(Beginning of STUDY MATERIAL)

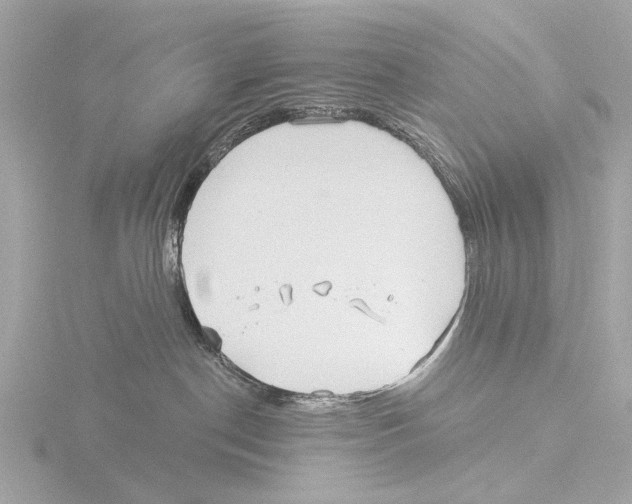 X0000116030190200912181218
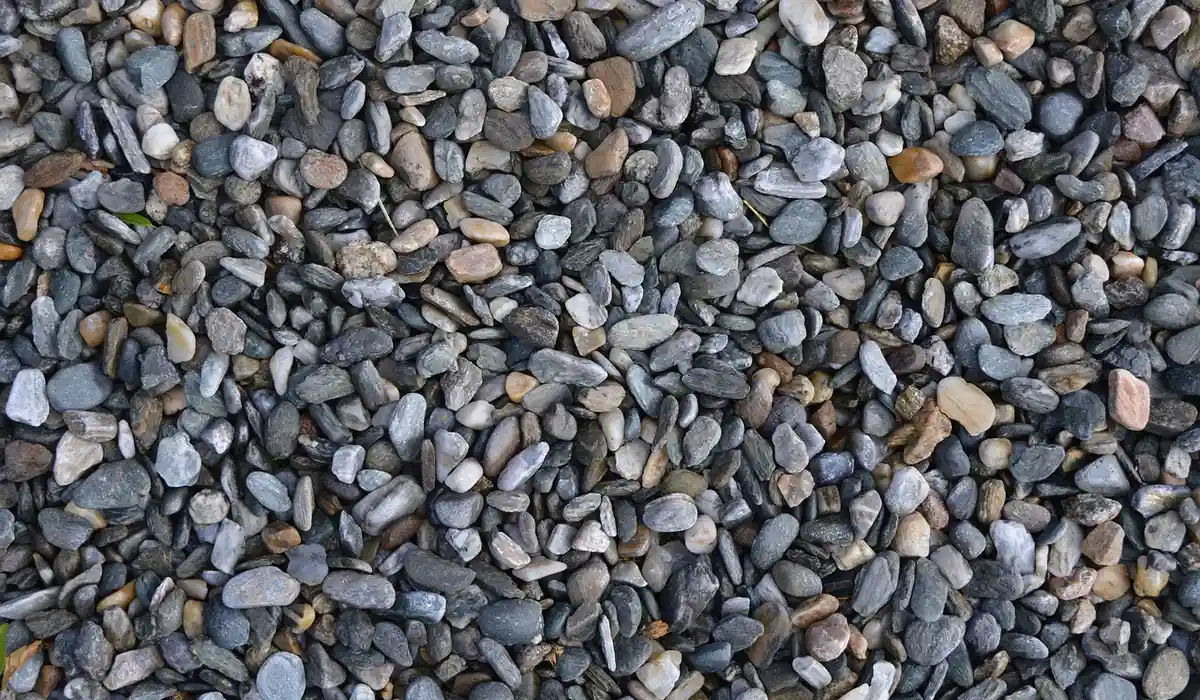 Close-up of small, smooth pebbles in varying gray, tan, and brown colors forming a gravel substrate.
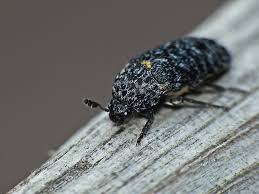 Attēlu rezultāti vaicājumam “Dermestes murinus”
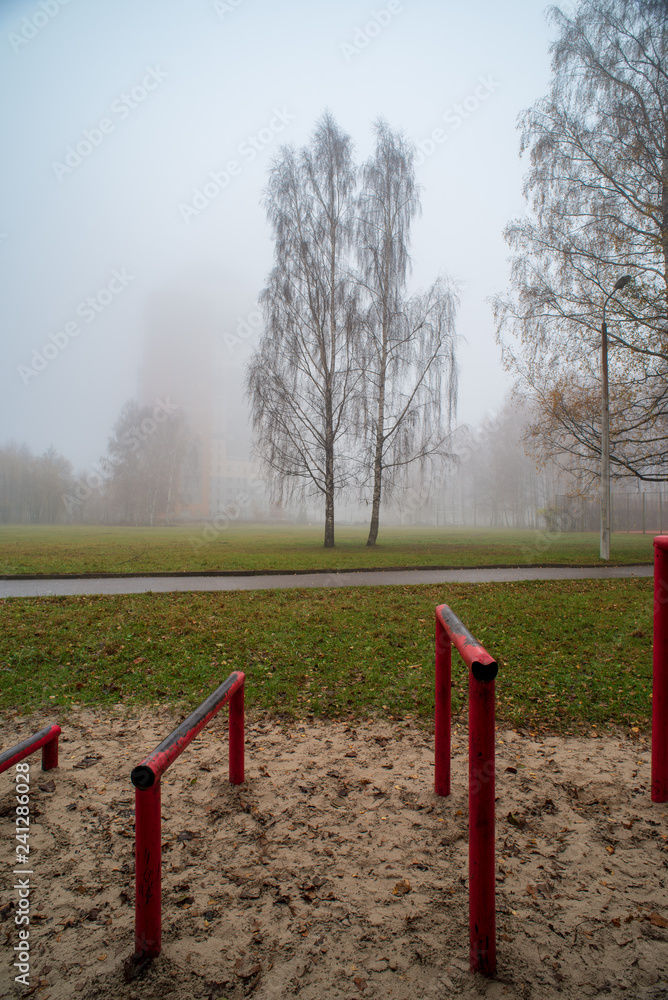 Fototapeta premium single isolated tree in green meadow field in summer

(End of STUDY MATERIAL)
(Beginning of STUDY MATERIAL)

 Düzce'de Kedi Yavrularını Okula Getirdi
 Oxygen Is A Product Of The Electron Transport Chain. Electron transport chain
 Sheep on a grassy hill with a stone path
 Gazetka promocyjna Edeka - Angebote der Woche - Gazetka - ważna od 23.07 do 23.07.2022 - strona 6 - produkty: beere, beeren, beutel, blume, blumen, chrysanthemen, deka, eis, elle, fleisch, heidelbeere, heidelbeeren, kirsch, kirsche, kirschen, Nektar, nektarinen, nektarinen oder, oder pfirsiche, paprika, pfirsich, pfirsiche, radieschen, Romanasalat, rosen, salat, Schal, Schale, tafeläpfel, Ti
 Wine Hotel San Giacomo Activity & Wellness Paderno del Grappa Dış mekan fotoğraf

(End of STUDY MATERIAL)
(Beginning of STUDY MATERIAL)

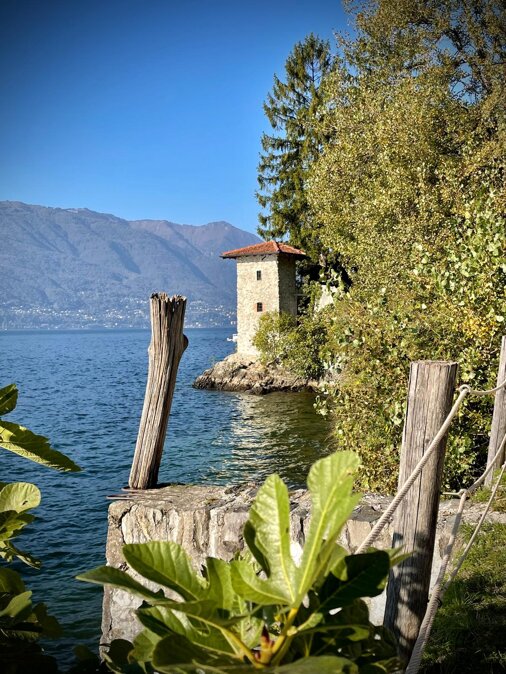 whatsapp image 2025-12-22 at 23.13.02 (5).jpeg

(End of STUDY MATERIAL)

WHAT TO PRODUCE — Among the records above, a stretch begins at the line containing "Düzce'de Kedi Yavrularını Okula Getirdi" and ends at the line containing "Sheep on a grassy hill with a stone path". Restate that stretch word for word, and nothing else.

WRITTEN SOLUTION —
 Düzce'de Kedi Yavrularını Okula Getirdi
 Oxygen Is A Product Of The Electron Transport Chain. Electron transport chain
 Sheep on a grassy hill with a stone path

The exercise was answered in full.